The Worst-but Funniest-Thing In My Life
Rumah Sejuta Martabak
Surabaya, Kota SBY, Jawa Timur, Indonesia
Kalau
dikejar-kejar cewek mah, gue udah biasa. Saking seringnya, gue udah bosan. Tapi,
kayaknya gue bukan satu-satunya cowok yang dikejar-kejar cewek. Jadi nggak
perlu gue ceritain. Tapi, pengalaman dikejar-kejar bencong sampai diteriakin
bencong sama si bencong itu sendiri, kayaknya cuman gue yang pernah mengalami. And I called this moment as the worst-but funniest-thing in my life.
Waktu
itu gue lagi ada di Surabaya bersama lima orang teman kuliah dan gue cowok
sendirian. Sebelumnya kami habis dari Jogja dan gue mabuk darat di perjalanan,
jadi sepanjang jalan gue cuma diam menahan mual. Barulah ketika sampai di
Surabaya dan turun di depan sebuah rumah makan, gue merasa hidup lagi sebagai
manusia normal.
Ketika
itu di Surabaya lagi ngetren makanan yang memakai nama-nama iblis kayak Nasi
Goreng Setan, Mie Goreng Kuntilanak, Sate Ayam Kesurupan, sampai Ayam Bakar
Wewe Gombel. Karena gue nggak doyan makan pedes dan sebelumnya dapat bisikan
dari malaikat di sisi kanan gue bahwa makanan yang menggunakan nama hantu itu kebanyakan
pasti pedes, maka gue cuma memesan nasi goreng tanpa setan. Lagian ngeri juga
ngeliat setan digoreng nongkrong di piring. Bisa-bisa nafsu makan langsung
hilang seketika. HIH!
Karena
ketika sampai rumah makan yang kami datangi baru buka, jadi kami menunggu agak
lama sebelum pesanan datang. Salah seorang temen gue duduk di luar sambil
menunggu pesanan. Gue pun ngikut karena di dalam pemandangannya cuma meja
kosong dan TV yang belum sempat dinyalain.
Pas
lagi duduk berdua, tiba-tiba gue disamperin sama seorang cowok, maksud gue
cewek, eh bukan. Maksud gue, gue disamperin cowok berpakaian cewek yang
dandanannya maksa banget alias bencong. Yeah,
whatever you name it.
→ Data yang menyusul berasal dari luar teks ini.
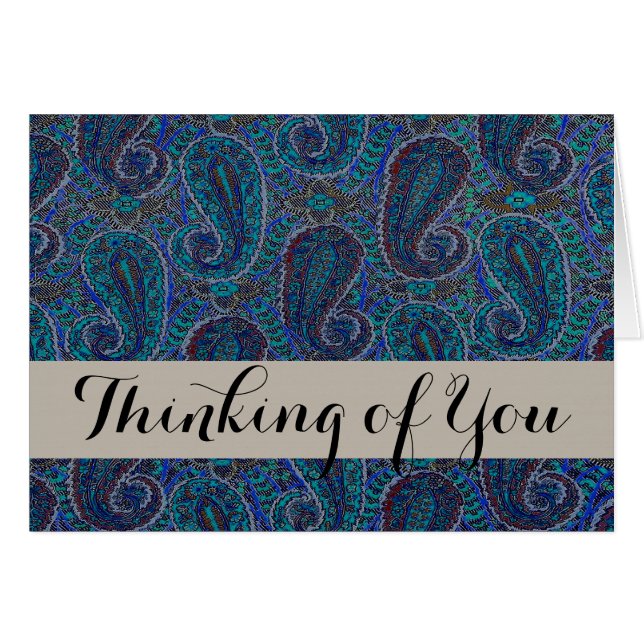 Cartão Paisley Blue Indian Boho Art Pattern (Frente Horizontal)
Baju merah terusan dengan belahan dada lebar terbuka,
dan muka yang penuh semen putih atau mungkin dempul, entahlah. Kalau di
Makassar gue menyebutnya “banci kloningan”. Dengan bermodalkan kerincingan yang
terbuat dari sebatang kayu, tiga buah paku, dan beberapa tutup botol minuman
bersoda yang dipipihkan, si bencong lalu menyanyi di depan gue dengan suara
yang sungguh tidak merdu sama sekali.
Dan
lagu yang si bencong nyanyikan adalah Wakuncar. I do not hate Dangdut, I just don’t like it.
Gue
nggak menunggu lama dan langsung ngasih seribu rupiah. Karena suaranya nggak
enak dan bukan lagu favorit gue yang dibawain, gue pengin si bencong cepet
berlalu.
Rupanya
seribu nggak cukup.
Si
bencong malah melanjutkan nyanyiannya dan terlihat lebih bersemangat dari
sebelumnya. Gue merogoh saku celana, gue dapat seribu lagi. Gue kasih, si
bencong belum berhenti juga. Gue menatap temen gue, dia langsung masuk kembali ke
dalam. Karena nggak enak, akhirnya gue kasih lima ribu terus masuk ke dalam
ngikutin temen gue. I thought that
everything was over, but not.
“Makasih
ganteng. Udah ganteng, baik lagi,” kata si bencong dengan suara berusaha
dimiripin sama cewek. Padahal cewek aja suaranya nggak gitu-gitu amat.
“Sama-sama,
Cong. Sana lu pegi,” jawab gue pelan sambil tetep ngacir.
“APA
LU BILANG? BERANI LU YA SAMA GUE? SINI LO ANJING!”
Gue
kaget bukan main denger suara itu. Tubuh gue sampai gemeteran dari ujung kaki
sampai ujung pandang.
“Eh,
maaf, maaf, Bang. Eh, Mbak. Eh, Mas Mbak. Maaf, maaf. Saya cuma bercanda.” Gue
memohon ke si bencong kayak waktu gue ngemis minta duit ke nyokap.
“SINI
LU! LU BARUSAN BILANG APA KE GUE?!”
“Nggak,
Bang. Abang cakep.”
Dari
situ gue akhirnya sadar bahwa si bencong menjadi seperti itu bukan karena
keinginannya tapi karena tuntutan. Gue salah dan merasa bersalah. Karena takut
dan dia udah buka sepatu siap-siap ngejar gue, gue pun lari di sepanjang jalan
raya.
Dan
dia ngejar gue. Untung gue pernah juara dua lomba lari sekampung jadi lari gue
lumayan kenceng untuk lomba lari sama laki-laki berbaju terusan panjang berusia
sekitar tiga puluhan.
Sambil
lari kencang, gue masih mendengar dia neriakin gue.
“WOY!
SINI LU ANJING. KATANYA LU LAKI KENAPA LARI HA?! LU LAKI APA BENCONG? DASAR
BENCONG LOOO!!!”
Sepanjang
jalan gue lari nahan tawa dikejar bencong yang neriakin gue bencong. Sampai
orang-orang ngeliatin kami dengan wajah penuh heran. What a story.